## Task to carry out
Each line in the material below, starting at the one with "stussy（ステューシー）stussy (ステューシー) 00’S" and ending at the one with "USB 2.0 Әмбебап", is to be reproduced exactly; no picture is to be copied.

## Listed records
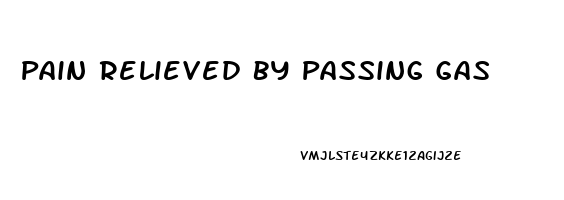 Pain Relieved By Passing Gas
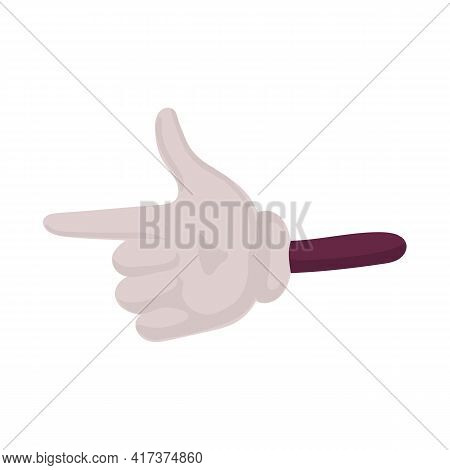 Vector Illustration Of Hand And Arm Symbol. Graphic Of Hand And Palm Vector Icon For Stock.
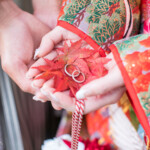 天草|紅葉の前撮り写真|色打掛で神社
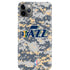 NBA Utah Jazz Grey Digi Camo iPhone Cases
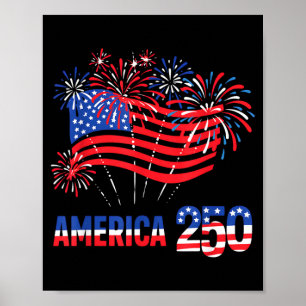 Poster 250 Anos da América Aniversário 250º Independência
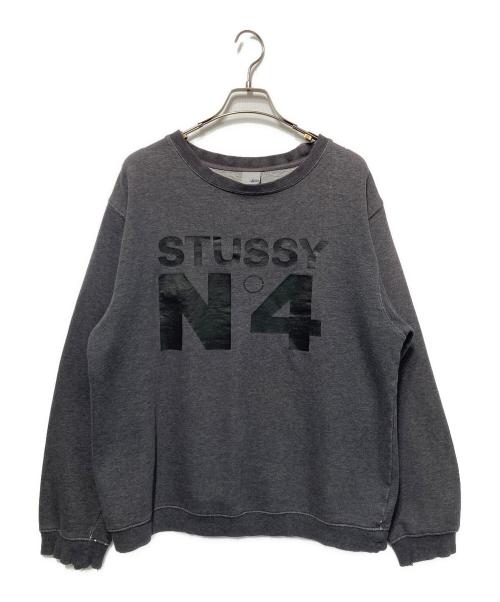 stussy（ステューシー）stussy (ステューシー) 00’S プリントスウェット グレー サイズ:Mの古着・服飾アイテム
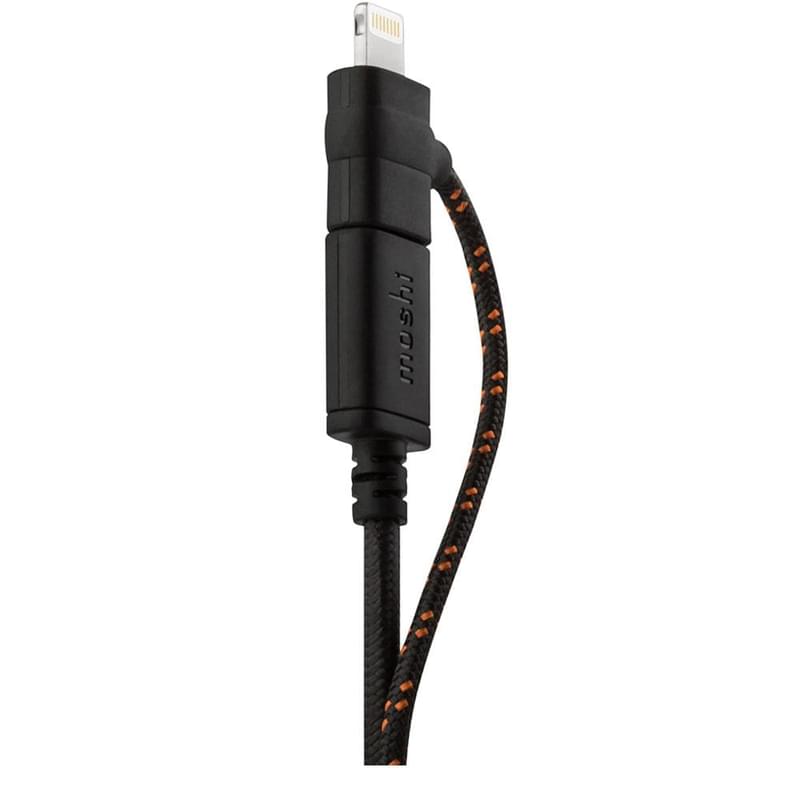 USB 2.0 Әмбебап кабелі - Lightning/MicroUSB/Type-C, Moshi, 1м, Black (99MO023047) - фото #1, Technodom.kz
--
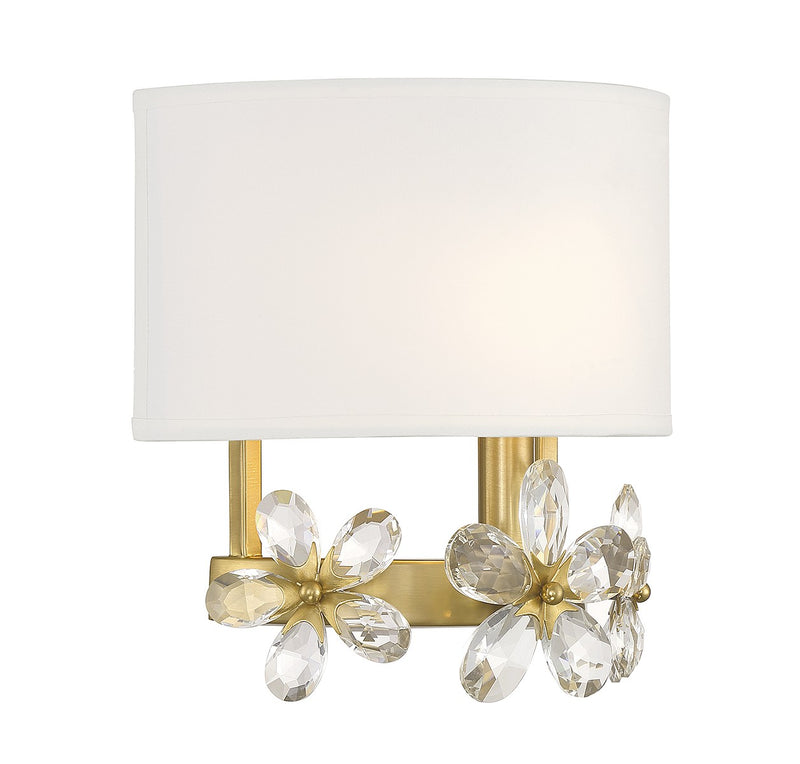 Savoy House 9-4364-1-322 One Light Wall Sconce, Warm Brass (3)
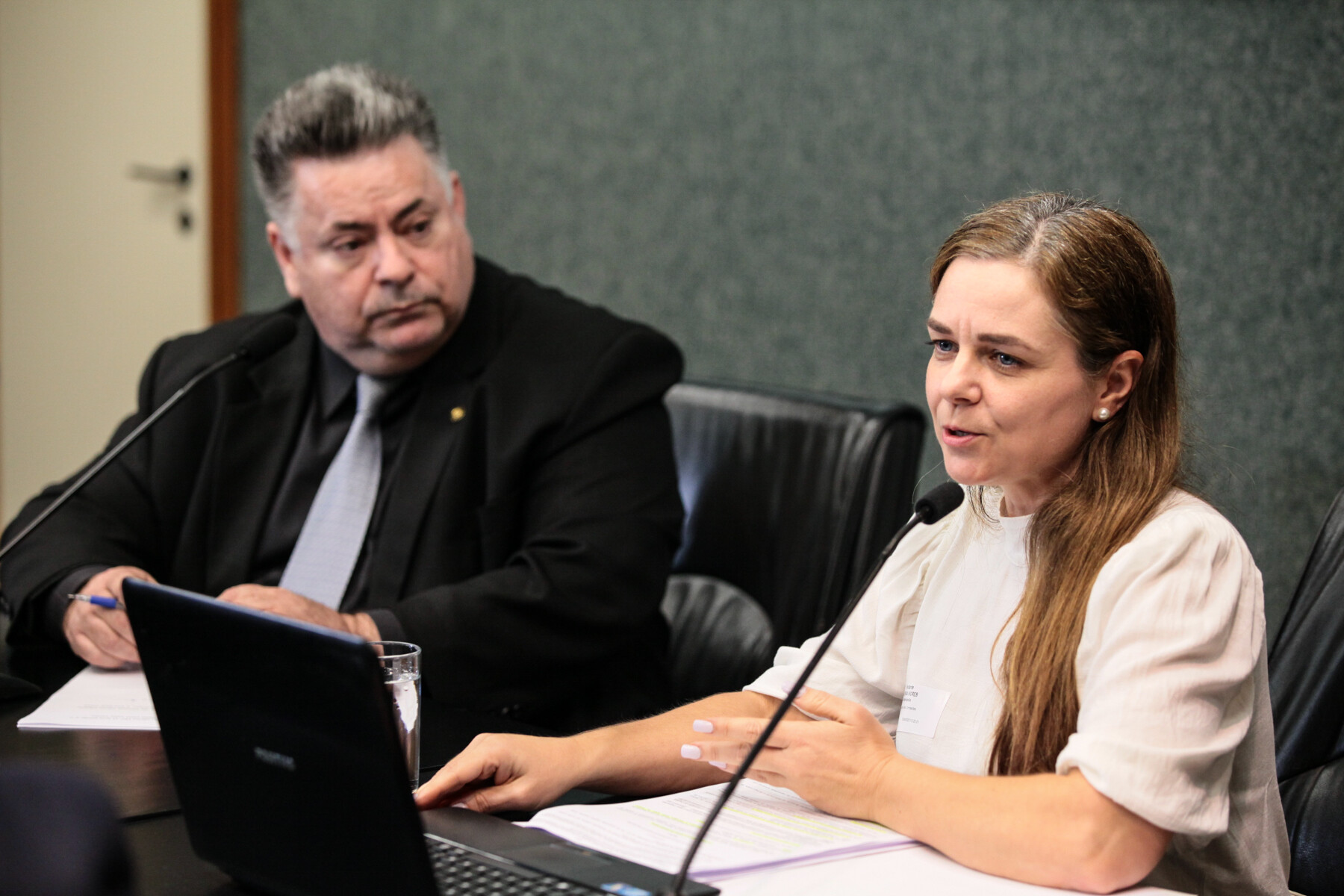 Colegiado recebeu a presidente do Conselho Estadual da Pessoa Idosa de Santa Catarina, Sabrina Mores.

## Answer for this exercise
 stussy（ステューシー）stussy (ステューシー) 00’S プリントスウェット グレー サイズ:Mの古着・服飾アイテム
 USB 2.0 Әмбебап кабелі - Lightning/MicroUSB/Type-C, Moshi, 1м, Black (99MO023047) - фото #1, Technodom.kz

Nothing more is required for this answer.